Financial advisors typically suggest three to six months of expenses in emergency savings. Orman throws that conventional wisdom out the window. She wants eight to 12 months of living costs sitting in a savings account.

That number isn’t arbitrary. Five months covers the average job search plus three months of breathing room for unexpected complications. If you’re over 50, that buffer becomes critical since your search will likely exceed the average timeline.

Calculate your actual monthly expenses including rent or mortgage, utilities, groceries, insurance and minimum debt payments. Multiply that number by eight. That’s your target emergency fund.

The amount probably looks impossibly high. Break it into chunks. Save one month of expenses, then celebrate. Work toward two months, then three. Progress matters more than perfection.

The Spending Audit Nobody Wants To Do

Orman suggested examining every dollar leaving your accounts. Not just the obvious waste like unused streaming services or forgotten gym memberships. Dig into categories that feel nonnegotiable.

Your grocery bill, phone plan, internet service and insurance premiums all have room for cuts. You don’t need the premium cable package or the unlimited data plan that costs $20 more per month.

Take the money you free up from these cuts and funnel it directly into emergency savings. Make it automatic so you can’t spend it elsewhere. A $75 monthly reduction equals $900 per year in your safety net.

The Health Insurance Trap

Cobra coverage sounds reassuring until you see the bill. Federal law requires employers with 20 or more workers to offer continued health insurance after layoffs. The coverage lasts 18 months.

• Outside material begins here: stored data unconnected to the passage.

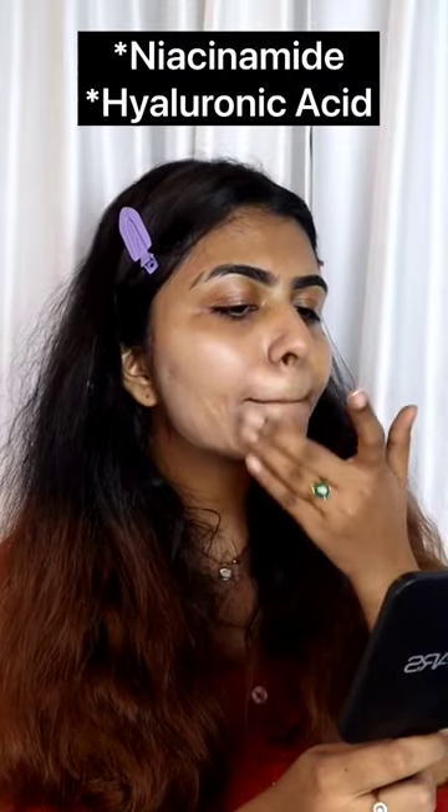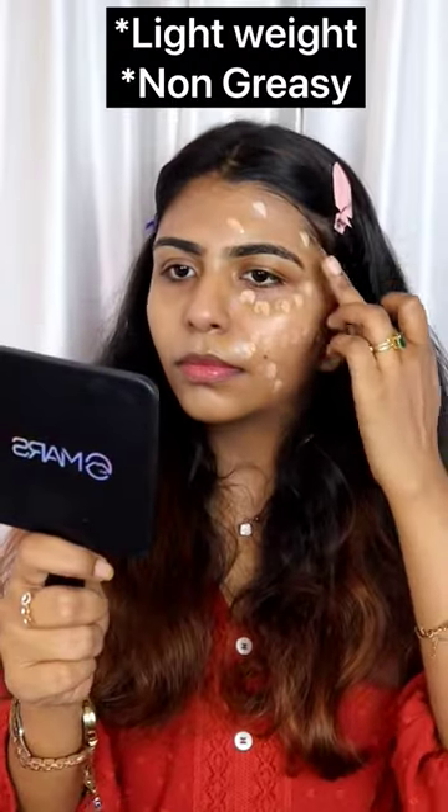Niacinamide, Hyaluronic Acid, acne marks reduce, and skin tone improve. It is super lightweight and non-greasy.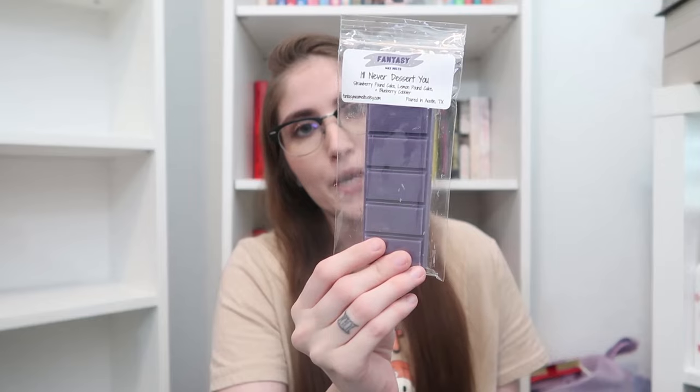Up next, we have I'll Never Desert You — y'all are so creative with these names. It's a deep, dark purple color. This is a blend of strawberry pound cake, lemon pound cake, and blueberry cobbler — I swear, my three favorite things. This is the most beautiful blend of all three. I'm smelling it and first I get blueberry, then lemon, then strawberry. It's a perfect blend of all three. If you are a fruity bakery lover, you are absolutely going to adore this one.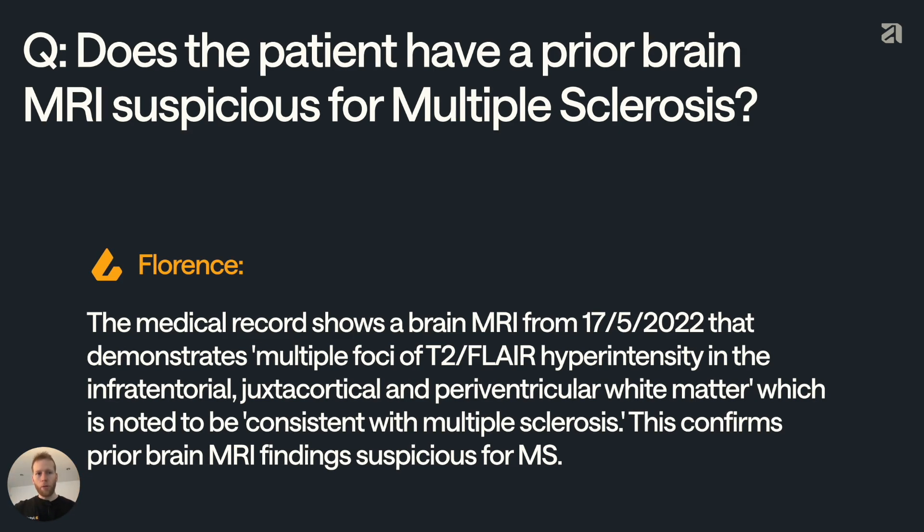But the problem is that this is missing some key medical nuance. In a medical context, if I as a doctor say that something is suspicious, I'm implying that the patient doesn't already have a confirmed diagnosis. But in this case, the patient actually did have an existing diagnosis. Therefore, this is not just suspicious — it's confirmed, which means that this answer is actually wrong.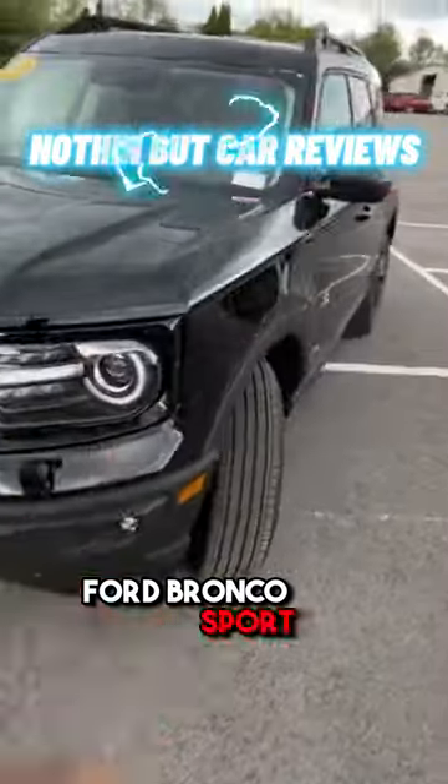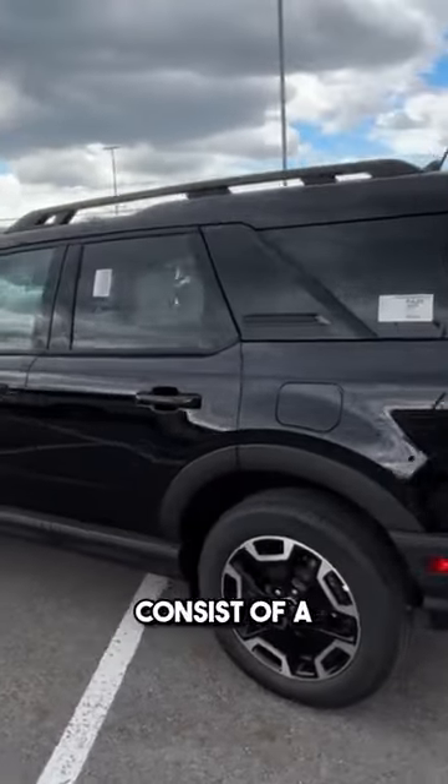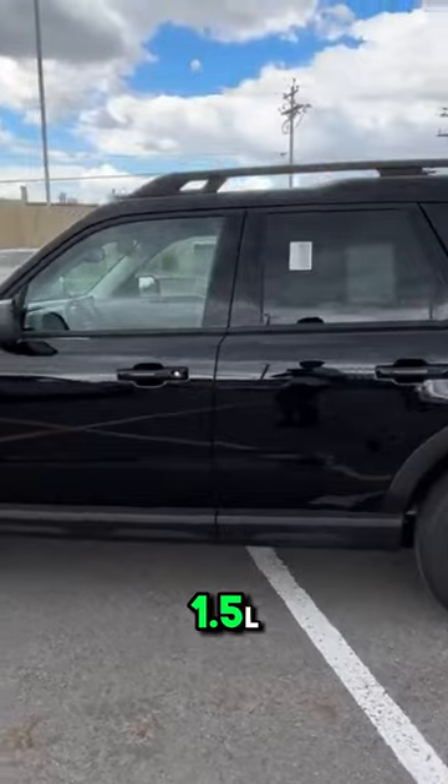Here we have a new 2023 Ford Bronco Sport. This one comes in the Outer Banks trim level in Shadow Black, with an Ebony Rose leather and leatherette interior. The powertrain consists of a 181 horsepower 1.5-liter turbocharged three-cylinder engine mated to an eight-speed automatic transmission.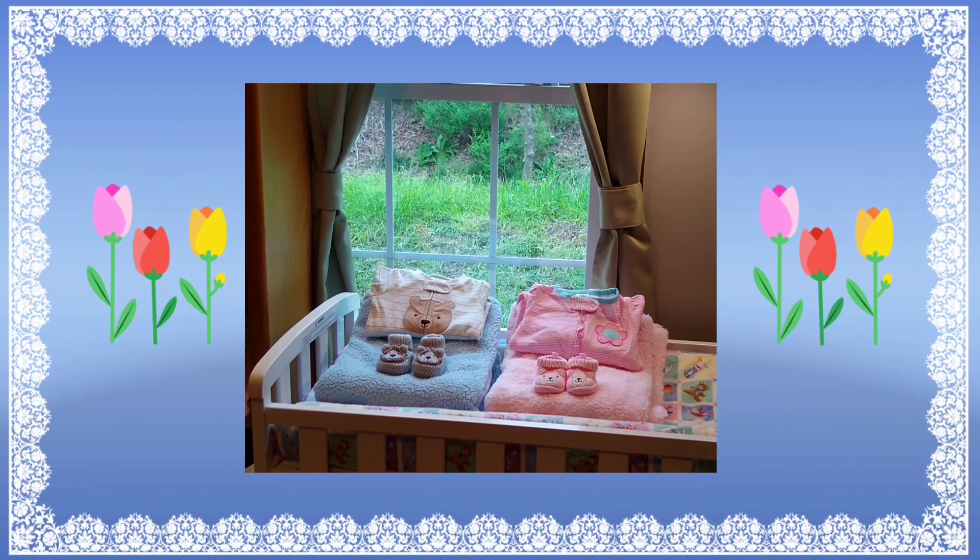Hello everyone, this is Suzy Q of Suzy Q's Happy Little Haven, and welcome to my nursery room window.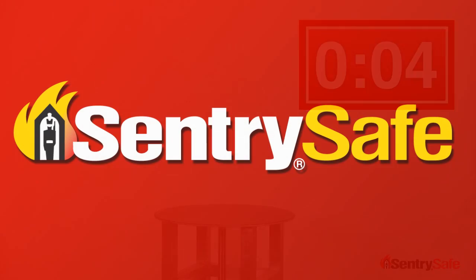Thanks for spending time with me today, and from our family to yours, keep it safe with SentrySafe. Thank you.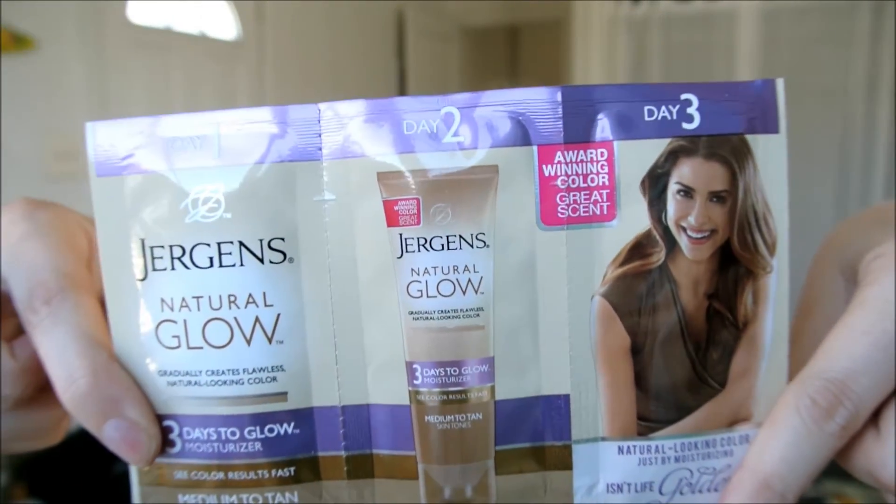Then we have a three-day sample of the Jergens Natural Glow Moisturizer. I got medium to tan so we'll see if that works well for me — we'll give it a try, why not. Let me look through the ingredients really quick. I think these ingredients are okay for me. I just found out I'm allergic to like a million more things, so I have to start looking at ingredients before I use them, especially lotions, because you leave lotion on your skin.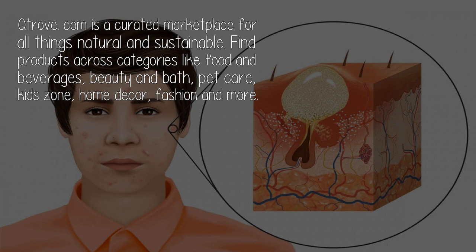Trunkalam is a curated marketplace for all things natural and sustainable. Find products across categories like food and beverages, beauty and bath, pet care, kids zone, home decor, fashion, and more.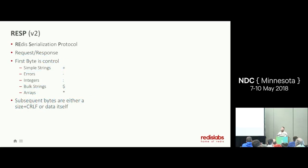Let's look at the protocol I had to implement: RESP, the Redis Serialization Protocol. It's a request-response format that keeps a persistent connection open. It has control characters at the start of each line: simple strings are prefixed with a plus, errors with a minus, integers with a colon, bulk strings with a dollar sign, and arrays with an asterisk. Everything is the control character plus the size of the data coming in, then a carriage return and line feed. It's pretty simple.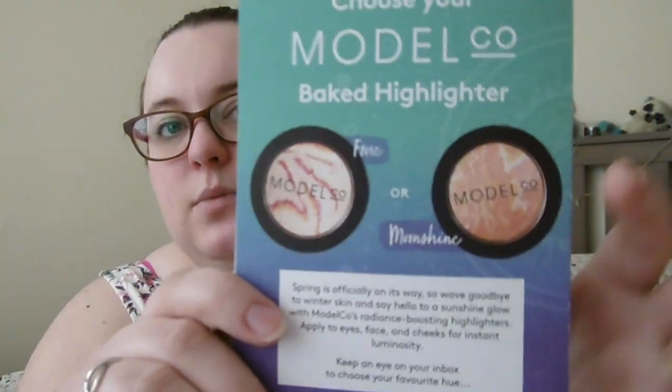That's everything in my March Birch Box. I enjoyed most of the items — I was especially excited to see a big name like Benefit come into the box, and it was a nice range with no makeup other than the mascara. Next month's sneak peek is to choose your own Model Co curl baked highlighter in either 'frozen' or 'moonshine' — I'm swaying towards moonshine. I've really enjoyed this box and I hope you have too. Leave a comment on your favourite item, give the video a thumbs up if you enjoyed it, subscribe if you haven't already, and I'll see you very soon!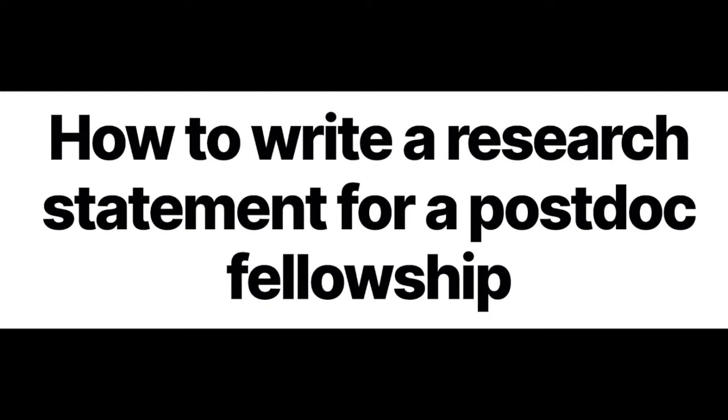Hey there. Today I'm going to talk about how to write a research statement for a postdoc fellowship application. I know I've been focusing on the how-to-PhD part of grad school — how do you actually get through grad school and deal with various challenges and successfully graduate. But one of my most popular posts on my blog, howtophd.org, is the one about the research statement for a postdoc fellowship.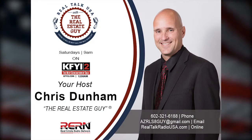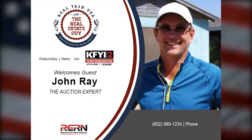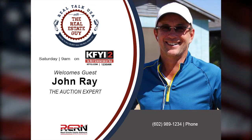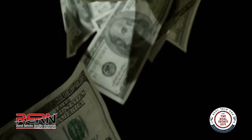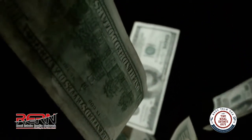We're back with John Ray, the auction expert. We're going to talk about how you pay for an auctioned home that you buy, because you can't use conventional financing — you've got to use hard money. John is a local expert on auctions and foreclosures. We spoke about the process of buying auction homes and foreclosed homes in our last segment, but now the critical part: how do you pay for it?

Here’s what most people miss: Your employer stops paying their portion of the premium the day you’re laid off. You become responsible for 100% of the monthly cost. Some employers tack on an additional 2% for administrative fees.

That employer-sponsored plan that costs you $200 per month with your company paying the rest? Expect the full bill to run $800 to $1,200 monthly depending on your coverage level and family size.

Orman recommended researching your options before you need them. Find out what your Cobra premium would actually cost by asking HR. Then compare that number to plans available through the Affordable Care Act marketplace at healthcare.gov.

What Actually Reduces Anxiety

Orman wrote that worry is human but action beats paralysis. Economic uncertainty looms large but you control your savings rate, spending habits and insurance knowledge.

The worst-case scenario becomes less terrifying when you’ve got 10 months of expenses saved, your spending trimmed to essentials and a clear plan for health coverage. You might still get laid off. You don’t have to be financially destroyed by it.